Old exams were divided into three parts. Parts I and III consist of multiple choice and free response questions, respectively, taken from the five core units of the syllabus. Part II consists of multiple choice questions taken from the six optional units.

- Required Multiple Choice: 55 questions worth 65 points. The "number right" are used to determine the number of "credits" according to the scoring table on the front of each student's
*Answer Paper*. This "curve" added as much as 20 points to all scores except those near 0 (no answers correct) and 55 (all answers correct). - Optional Multiple Choice: Choose 2 out of 6 groups, 10 questions per group, one point per correct answer, for a total of 20 points.
- Required Free Response: Several questions worth 15 points total.

Total points: 100

No further adjustments are made.

100

#### New exam format (2002–present)

New exams are divided into four sections. All sections are mandatory. None are optional.

- 35 multiple choice questions worth one point each.
- This section is split into two parts.
- 12 multiple choice questions worth one point each.
- 18 points of free response questions.

- 20 points worth of "extended" free response questions.

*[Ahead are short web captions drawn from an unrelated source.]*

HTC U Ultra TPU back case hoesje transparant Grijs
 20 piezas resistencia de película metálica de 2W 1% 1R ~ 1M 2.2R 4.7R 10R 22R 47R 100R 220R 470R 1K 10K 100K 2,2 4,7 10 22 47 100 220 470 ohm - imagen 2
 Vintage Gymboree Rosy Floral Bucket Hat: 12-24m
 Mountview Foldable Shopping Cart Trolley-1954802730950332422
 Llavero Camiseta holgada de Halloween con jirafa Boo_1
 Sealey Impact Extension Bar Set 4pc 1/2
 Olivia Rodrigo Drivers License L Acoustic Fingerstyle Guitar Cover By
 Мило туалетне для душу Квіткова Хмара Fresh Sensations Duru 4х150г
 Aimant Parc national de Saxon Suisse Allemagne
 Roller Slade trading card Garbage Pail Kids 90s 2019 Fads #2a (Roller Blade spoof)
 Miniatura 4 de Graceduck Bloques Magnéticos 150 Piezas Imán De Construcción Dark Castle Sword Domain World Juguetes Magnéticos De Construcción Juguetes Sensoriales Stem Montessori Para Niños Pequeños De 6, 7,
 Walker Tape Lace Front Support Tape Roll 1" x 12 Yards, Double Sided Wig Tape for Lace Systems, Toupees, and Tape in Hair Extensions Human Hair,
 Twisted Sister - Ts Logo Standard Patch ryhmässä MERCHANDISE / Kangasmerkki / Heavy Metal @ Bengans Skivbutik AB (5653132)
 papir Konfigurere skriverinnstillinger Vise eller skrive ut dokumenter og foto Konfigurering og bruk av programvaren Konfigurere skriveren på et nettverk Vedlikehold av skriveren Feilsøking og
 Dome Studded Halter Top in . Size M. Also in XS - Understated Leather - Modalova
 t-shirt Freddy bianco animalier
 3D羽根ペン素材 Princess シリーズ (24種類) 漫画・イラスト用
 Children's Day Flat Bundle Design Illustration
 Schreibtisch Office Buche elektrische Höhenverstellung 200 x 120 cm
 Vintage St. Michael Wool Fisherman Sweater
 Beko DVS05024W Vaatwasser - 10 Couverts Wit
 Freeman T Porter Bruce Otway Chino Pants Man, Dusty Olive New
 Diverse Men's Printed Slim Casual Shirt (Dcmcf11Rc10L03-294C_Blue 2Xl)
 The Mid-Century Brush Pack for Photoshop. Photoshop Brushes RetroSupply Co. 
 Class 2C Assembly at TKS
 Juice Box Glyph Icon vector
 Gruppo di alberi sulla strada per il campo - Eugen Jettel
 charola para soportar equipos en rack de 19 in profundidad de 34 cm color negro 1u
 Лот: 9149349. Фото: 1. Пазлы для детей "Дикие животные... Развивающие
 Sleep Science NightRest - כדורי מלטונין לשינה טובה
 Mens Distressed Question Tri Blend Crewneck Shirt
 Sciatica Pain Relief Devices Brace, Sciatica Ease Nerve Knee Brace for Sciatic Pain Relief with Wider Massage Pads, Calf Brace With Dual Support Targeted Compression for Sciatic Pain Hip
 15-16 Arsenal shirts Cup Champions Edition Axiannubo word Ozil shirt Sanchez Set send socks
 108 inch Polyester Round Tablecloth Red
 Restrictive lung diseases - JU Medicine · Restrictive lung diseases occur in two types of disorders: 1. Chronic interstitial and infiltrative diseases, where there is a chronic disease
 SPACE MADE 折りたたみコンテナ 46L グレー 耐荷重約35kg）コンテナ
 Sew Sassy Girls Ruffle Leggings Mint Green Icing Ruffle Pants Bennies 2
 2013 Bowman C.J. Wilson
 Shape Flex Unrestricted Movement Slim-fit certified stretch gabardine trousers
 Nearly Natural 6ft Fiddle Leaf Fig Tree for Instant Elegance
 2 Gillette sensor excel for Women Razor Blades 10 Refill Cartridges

The logic behind this division is unclear. Sections A and B1 could be combined into one group of multiple choice questions and sections B2 and C could be combined into one group of free response questions with no loss of coherence. In essence, this exam consists of 47 multiple choice questions worth one point each and 38 points worth of free response questions for a total of 85 points.

Total points: 85

This number is adjusted using the raw to scaled score conversion chart on the last page of the *Scoring Key and Rating Guide*, which varies from exam to exam. On the June 2003 exam, this "curve" subtracted as much as 3 points from all scores except those near 0 (no answers correct) and 85 (all answers correct).

100

There are several obvious changes:

- There are fewer multiple choice questions and more free response questions. It is generally considered good pedagogic practice to use questions that force students to generate their own answers. This is a positive change.
- There are no more optional portions. Balancing the difficulty of the optional groups for every exam was tricky. Students choosing a more difficult group were essentially punishing themselves. Eliminating them made for a more fair test.
- The method of converting raw to scaled scores — commonly referred to as the "curve" — lowers instead of raises grades. This is what this essay is about, so let's compare the curves before and after the exam was overhauled to see the effect.

#### Old curve

A scoring page exactly like the one above was used for all exams from June 1992 to January 2002 [curve-page-2002-01.pdf].

As shown in the graph above, scores on exams prior to June 2002 were adjusted upwards. For example, a student who answered 13 of the 55 multiple choice questions on Part I correct (25%) had a bonus of 20 points added to his or her grade. This was standard practice from June 1992 to January 2002.

Using the "old" scoring page, a student who answered 31 of the 55 multiple choice questions in Part I correctly would be awarded 45 points. Assuming a similar performance on the remaining parts of the exam, our hypothetical student would likely earn 20 of the 35 remaining points possible in Parts II and III combined. (31 out of 55 is approximately equal to 20 out of 35.) This student earned 51 out of 90 or 57% of the possible raw score points, but was awarded a scaled score of 65.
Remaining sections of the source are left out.